_Assignment_:
Could you copy exactly the lines from the one containing "Kuasai Bahasa Melayu" through the last line of the records below, leaving out any pictures?

_Exercise material_:
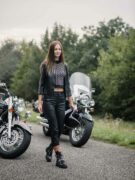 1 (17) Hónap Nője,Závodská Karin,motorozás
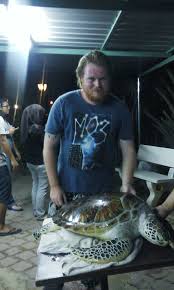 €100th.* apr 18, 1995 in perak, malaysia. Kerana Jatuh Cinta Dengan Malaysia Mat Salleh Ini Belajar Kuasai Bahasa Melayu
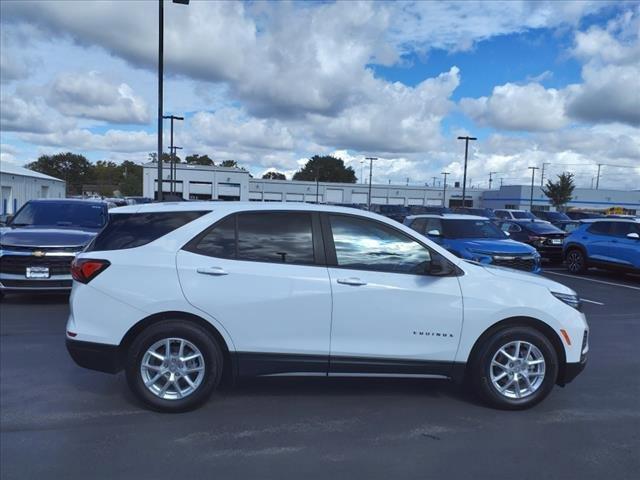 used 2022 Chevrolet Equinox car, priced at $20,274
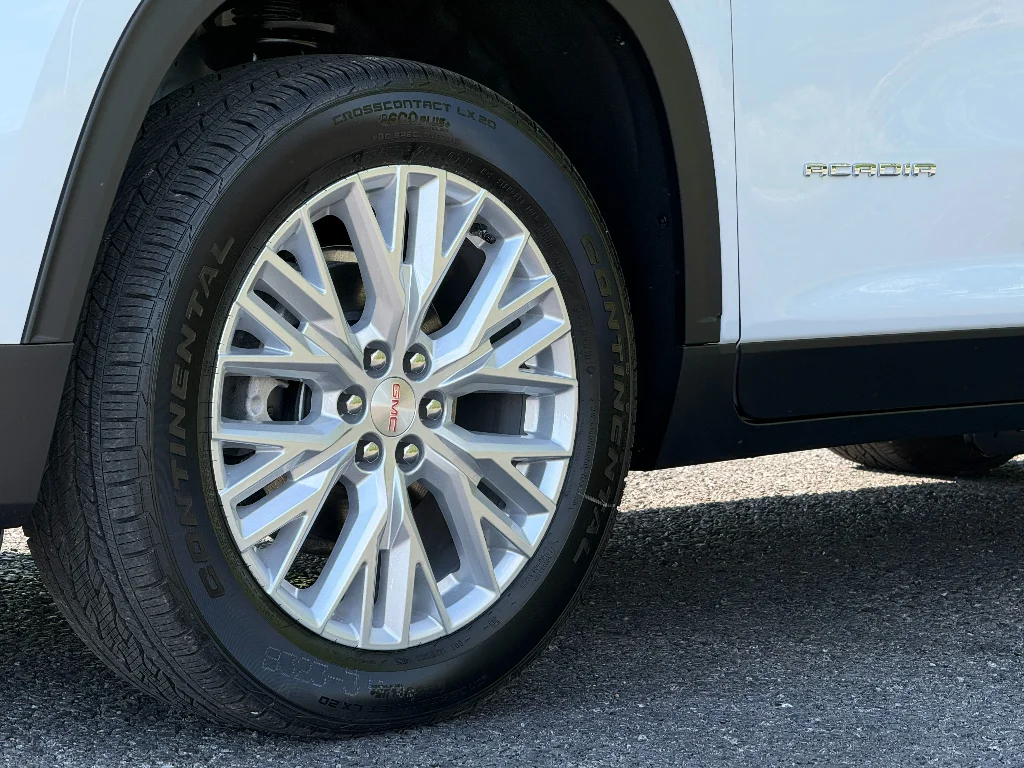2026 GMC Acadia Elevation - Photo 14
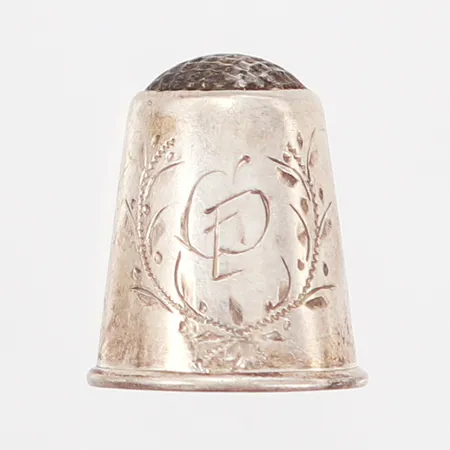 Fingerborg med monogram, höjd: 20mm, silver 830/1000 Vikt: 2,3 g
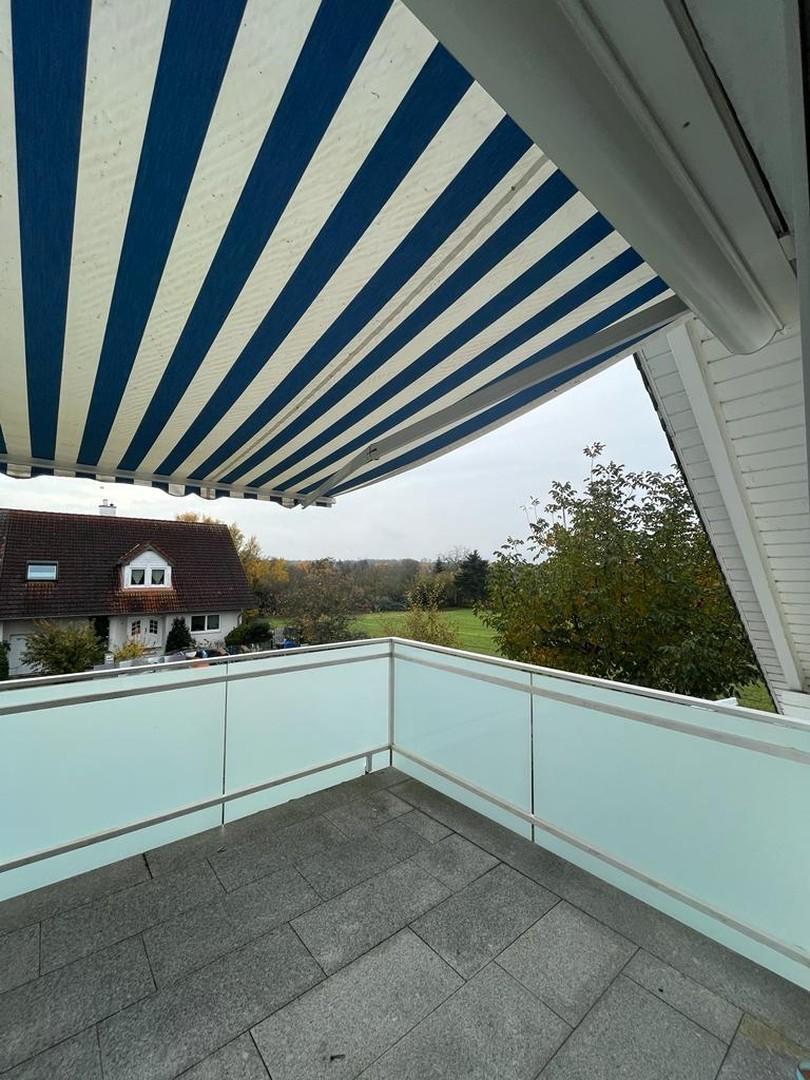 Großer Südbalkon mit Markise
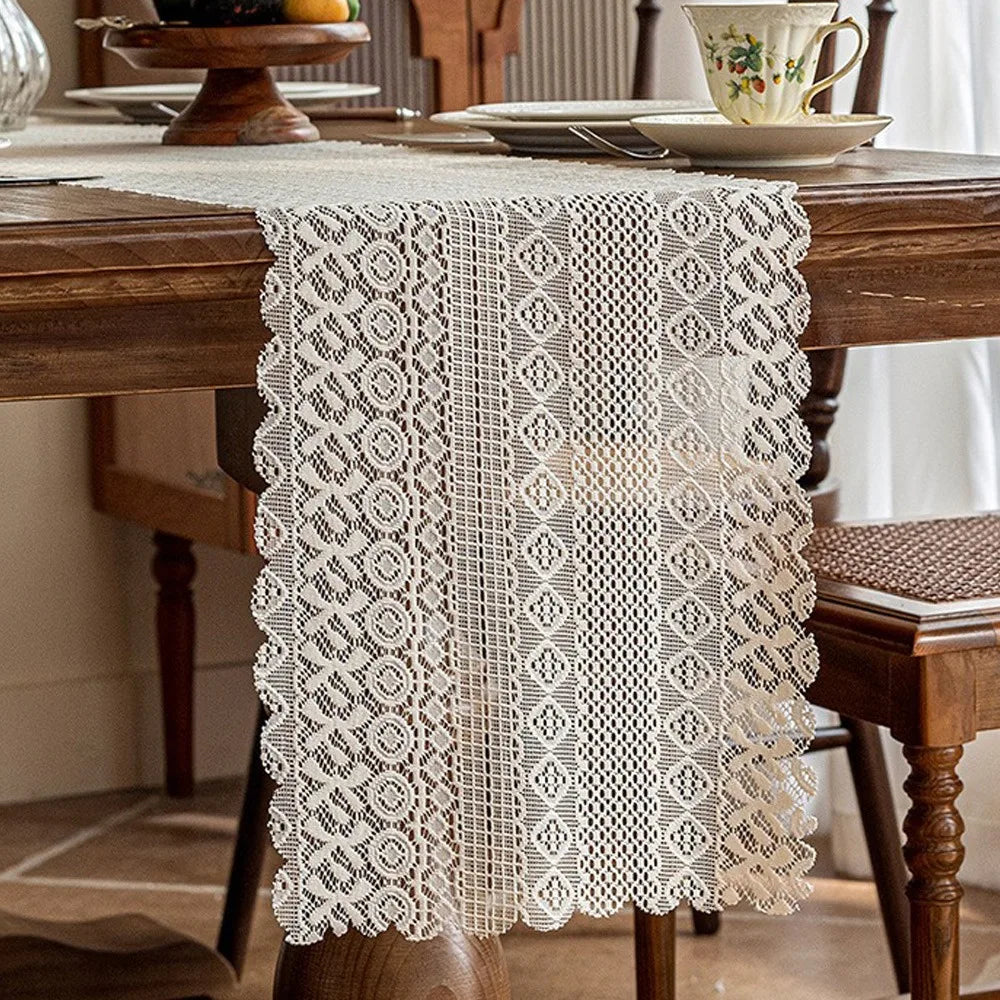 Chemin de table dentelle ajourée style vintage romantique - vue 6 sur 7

_Result_:
 €100th.* apr 18, 1995 in perak, malaysia. Kerana Jatuh Cinta Dengan Malaysia Mat Salleh Ini Belajar Kuasai Bahasa Melayu
 used 2022 Chevrolet Equinox car, priced at $20,274
2026 GMC Acadia Elevation - Photo 14
 Fingerborg med monogram, höjd: 20mm, silver 830/1000 Vikt: 2,3 g
 Großer Südbalkon mit Markise
 Chemin de table dentelle ajourée style vintage romantique - vue 6 sur 7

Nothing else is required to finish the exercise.